EXERCISE DESCRIPTION: Gather each line containing the string "Junior" from these entries.

RECORDS TO USE:
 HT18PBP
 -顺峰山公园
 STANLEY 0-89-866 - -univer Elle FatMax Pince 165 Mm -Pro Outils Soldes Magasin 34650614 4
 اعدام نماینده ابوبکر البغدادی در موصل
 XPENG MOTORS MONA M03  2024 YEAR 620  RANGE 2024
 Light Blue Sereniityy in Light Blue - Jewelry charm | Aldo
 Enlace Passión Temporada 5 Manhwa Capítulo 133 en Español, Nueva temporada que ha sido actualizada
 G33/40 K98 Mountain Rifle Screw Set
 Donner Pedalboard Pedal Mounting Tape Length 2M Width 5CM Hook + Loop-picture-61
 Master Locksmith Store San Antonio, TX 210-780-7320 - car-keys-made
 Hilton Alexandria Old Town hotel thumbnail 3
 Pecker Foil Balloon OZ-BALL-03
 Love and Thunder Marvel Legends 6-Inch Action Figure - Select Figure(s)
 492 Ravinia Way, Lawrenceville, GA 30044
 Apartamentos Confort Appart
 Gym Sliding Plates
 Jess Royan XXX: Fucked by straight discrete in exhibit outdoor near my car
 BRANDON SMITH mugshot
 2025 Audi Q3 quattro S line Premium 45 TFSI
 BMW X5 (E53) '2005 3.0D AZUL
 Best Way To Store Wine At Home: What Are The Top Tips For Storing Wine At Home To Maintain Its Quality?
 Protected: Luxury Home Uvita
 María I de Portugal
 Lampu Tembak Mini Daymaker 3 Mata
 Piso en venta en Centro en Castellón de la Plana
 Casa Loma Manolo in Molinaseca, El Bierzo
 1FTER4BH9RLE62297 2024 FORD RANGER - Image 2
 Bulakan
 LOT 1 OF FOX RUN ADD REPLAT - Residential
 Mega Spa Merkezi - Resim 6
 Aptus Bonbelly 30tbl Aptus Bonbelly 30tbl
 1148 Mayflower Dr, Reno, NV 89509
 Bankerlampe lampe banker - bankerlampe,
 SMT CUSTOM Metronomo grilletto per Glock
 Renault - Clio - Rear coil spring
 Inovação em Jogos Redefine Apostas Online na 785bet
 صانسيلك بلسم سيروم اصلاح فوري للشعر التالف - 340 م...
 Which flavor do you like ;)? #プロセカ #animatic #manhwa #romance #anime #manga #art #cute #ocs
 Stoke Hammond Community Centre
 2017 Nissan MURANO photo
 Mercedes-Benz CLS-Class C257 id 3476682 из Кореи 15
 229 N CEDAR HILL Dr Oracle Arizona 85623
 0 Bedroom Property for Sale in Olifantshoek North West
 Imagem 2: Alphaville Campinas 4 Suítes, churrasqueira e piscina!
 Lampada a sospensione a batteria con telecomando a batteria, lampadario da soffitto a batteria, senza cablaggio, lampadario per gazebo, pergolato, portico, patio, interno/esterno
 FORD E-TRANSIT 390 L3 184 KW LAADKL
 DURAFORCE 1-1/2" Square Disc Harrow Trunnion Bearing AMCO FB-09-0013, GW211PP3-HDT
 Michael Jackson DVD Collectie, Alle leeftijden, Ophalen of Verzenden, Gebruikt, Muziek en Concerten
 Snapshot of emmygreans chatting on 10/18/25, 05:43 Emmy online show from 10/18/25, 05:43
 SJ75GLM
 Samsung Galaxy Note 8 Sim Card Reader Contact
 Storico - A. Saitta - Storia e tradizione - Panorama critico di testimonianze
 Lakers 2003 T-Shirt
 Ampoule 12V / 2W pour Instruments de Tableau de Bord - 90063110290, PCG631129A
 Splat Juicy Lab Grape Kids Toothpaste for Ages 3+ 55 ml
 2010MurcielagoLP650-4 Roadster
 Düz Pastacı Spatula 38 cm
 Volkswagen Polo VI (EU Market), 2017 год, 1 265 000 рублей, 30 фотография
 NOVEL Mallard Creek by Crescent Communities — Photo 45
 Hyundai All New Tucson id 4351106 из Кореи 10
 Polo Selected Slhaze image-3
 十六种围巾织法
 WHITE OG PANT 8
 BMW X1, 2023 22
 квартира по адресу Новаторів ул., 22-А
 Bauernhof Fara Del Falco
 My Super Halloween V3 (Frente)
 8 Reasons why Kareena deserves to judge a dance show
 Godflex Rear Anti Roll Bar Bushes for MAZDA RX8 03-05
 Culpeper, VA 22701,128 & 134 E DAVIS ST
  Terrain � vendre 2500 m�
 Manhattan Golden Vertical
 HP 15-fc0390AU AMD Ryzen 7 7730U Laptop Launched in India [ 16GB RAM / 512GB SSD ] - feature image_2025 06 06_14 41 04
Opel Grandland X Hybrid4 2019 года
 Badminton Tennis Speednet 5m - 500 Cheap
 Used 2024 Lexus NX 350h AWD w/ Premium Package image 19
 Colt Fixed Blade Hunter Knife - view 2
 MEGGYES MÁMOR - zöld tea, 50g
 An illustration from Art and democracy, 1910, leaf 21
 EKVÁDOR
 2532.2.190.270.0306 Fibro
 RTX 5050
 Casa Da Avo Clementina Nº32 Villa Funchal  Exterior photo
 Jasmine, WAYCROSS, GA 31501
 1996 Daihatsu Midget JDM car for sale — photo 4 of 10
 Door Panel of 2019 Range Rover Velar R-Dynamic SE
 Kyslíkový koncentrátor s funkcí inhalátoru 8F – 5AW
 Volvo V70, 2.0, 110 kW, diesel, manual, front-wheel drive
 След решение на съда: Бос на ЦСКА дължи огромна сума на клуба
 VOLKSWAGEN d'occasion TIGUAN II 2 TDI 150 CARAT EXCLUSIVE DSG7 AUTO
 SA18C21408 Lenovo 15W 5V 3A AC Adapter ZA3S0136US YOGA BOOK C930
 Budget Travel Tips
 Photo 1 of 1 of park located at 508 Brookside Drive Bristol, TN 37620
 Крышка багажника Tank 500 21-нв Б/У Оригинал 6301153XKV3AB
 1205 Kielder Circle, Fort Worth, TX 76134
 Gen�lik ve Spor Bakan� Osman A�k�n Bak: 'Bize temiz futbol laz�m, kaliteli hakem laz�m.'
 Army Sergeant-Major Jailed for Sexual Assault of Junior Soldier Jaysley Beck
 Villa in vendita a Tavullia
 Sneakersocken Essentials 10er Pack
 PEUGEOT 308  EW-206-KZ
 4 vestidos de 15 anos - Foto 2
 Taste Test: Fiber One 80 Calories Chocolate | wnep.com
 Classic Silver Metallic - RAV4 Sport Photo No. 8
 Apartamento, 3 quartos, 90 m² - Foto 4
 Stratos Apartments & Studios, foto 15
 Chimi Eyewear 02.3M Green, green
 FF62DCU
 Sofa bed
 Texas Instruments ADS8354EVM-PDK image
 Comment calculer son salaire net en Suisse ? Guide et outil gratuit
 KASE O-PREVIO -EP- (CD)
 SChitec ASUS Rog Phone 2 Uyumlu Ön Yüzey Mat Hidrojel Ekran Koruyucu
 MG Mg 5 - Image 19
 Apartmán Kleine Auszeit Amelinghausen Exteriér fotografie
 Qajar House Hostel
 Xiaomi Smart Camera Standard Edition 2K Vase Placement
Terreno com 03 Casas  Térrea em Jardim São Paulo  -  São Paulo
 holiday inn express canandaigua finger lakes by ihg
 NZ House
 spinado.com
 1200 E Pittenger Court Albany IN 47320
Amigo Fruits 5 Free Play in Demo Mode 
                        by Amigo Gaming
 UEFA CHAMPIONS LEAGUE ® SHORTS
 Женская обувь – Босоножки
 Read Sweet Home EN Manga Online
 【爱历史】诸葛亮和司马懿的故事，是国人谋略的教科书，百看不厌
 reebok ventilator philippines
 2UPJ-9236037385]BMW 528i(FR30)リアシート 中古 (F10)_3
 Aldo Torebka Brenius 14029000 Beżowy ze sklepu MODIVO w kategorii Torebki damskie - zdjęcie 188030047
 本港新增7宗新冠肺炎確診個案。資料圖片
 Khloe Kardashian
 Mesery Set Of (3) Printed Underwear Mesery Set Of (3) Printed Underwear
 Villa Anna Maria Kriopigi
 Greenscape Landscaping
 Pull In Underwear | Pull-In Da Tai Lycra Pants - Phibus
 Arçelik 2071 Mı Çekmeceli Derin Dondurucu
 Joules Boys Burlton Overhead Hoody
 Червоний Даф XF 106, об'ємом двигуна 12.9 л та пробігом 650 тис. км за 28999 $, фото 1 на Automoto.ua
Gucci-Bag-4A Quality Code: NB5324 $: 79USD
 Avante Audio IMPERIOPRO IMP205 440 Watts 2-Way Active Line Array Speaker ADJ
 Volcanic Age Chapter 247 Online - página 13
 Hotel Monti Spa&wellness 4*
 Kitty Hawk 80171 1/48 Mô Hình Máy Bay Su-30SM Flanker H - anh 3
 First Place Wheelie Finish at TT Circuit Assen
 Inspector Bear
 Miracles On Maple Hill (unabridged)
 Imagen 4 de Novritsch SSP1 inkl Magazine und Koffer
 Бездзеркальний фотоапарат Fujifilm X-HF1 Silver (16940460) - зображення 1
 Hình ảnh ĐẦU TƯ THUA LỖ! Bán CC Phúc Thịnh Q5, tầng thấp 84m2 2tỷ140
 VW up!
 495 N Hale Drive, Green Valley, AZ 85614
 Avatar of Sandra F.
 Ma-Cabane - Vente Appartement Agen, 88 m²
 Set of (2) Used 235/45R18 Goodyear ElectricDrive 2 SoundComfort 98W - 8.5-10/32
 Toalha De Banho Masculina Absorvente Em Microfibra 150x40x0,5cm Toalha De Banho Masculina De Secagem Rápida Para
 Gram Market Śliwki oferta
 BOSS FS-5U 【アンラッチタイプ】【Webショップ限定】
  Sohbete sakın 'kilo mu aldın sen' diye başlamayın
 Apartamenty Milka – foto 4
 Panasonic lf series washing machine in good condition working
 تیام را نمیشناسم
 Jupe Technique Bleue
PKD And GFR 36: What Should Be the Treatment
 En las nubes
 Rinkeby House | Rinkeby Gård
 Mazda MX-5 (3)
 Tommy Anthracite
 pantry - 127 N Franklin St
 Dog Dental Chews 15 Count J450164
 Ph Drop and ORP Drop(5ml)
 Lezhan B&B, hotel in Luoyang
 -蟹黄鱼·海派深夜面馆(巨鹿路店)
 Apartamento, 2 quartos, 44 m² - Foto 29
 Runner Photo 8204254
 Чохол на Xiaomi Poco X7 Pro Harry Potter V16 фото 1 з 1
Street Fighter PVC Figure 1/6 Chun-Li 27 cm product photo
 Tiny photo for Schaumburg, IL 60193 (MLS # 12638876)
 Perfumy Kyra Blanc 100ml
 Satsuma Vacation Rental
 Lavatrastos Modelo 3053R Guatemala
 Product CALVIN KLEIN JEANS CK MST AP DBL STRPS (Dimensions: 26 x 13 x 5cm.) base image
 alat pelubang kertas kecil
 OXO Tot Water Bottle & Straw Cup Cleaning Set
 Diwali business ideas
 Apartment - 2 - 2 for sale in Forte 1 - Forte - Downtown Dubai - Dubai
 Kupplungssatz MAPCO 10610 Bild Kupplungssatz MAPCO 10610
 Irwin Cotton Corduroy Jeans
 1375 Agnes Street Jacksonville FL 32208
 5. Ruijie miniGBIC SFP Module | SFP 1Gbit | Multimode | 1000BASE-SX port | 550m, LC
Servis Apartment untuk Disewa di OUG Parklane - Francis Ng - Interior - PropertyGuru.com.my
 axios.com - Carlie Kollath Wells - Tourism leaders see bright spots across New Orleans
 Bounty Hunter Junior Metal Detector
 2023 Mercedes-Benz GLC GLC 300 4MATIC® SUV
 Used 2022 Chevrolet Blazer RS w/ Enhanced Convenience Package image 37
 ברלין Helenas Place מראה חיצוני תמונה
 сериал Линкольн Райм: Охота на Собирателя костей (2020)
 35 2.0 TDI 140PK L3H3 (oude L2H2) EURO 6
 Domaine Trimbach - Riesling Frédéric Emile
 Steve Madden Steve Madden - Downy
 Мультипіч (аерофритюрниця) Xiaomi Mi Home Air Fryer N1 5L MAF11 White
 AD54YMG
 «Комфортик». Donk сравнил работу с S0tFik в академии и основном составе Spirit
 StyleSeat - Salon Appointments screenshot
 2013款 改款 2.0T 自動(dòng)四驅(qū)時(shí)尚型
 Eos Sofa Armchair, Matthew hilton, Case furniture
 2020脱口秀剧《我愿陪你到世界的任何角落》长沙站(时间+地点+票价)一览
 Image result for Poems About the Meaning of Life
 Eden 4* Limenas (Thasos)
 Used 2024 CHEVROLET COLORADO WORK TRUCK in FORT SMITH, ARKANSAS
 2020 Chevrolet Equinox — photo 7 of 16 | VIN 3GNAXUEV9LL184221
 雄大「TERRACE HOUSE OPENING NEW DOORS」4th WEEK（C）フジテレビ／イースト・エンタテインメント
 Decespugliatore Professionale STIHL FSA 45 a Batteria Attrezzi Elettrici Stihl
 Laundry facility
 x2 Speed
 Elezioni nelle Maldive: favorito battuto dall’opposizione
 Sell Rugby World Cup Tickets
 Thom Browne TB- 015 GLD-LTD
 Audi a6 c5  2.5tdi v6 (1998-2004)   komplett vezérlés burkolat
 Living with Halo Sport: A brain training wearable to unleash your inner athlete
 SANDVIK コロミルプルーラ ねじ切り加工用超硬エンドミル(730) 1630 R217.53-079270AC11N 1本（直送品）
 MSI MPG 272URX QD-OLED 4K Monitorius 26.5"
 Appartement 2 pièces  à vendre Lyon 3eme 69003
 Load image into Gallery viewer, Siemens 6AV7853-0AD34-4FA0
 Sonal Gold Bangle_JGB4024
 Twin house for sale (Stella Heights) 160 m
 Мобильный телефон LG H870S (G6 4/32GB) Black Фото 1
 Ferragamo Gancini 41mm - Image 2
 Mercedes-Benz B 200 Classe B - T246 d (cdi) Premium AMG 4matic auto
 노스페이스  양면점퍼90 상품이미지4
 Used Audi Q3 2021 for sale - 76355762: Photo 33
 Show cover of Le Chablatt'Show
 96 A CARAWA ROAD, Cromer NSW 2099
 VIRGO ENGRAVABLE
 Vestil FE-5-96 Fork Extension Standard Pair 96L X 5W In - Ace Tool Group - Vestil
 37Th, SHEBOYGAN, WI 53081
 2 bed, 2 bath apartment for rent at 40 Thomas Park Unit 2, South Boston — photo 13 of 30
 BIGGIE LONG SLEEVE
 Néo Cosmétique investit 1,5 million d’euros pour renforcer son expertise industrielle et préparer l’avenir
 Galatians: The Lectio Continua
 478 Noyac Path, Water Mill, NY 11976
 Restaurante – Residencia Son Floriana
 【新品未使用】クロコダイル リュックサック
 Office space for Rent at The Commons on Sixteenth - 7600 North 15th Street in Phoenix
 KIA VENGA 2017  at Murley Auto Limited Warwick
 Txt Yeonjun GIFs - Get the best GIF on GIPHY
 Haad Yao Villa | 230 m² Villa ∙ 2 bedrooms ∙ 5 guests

THE ANSWER:
 Army Sergeant-Major Jailed for Sexual Assault of Junior Soldier Jaysley Beck
 Bounty Hunter Junior Metal Detector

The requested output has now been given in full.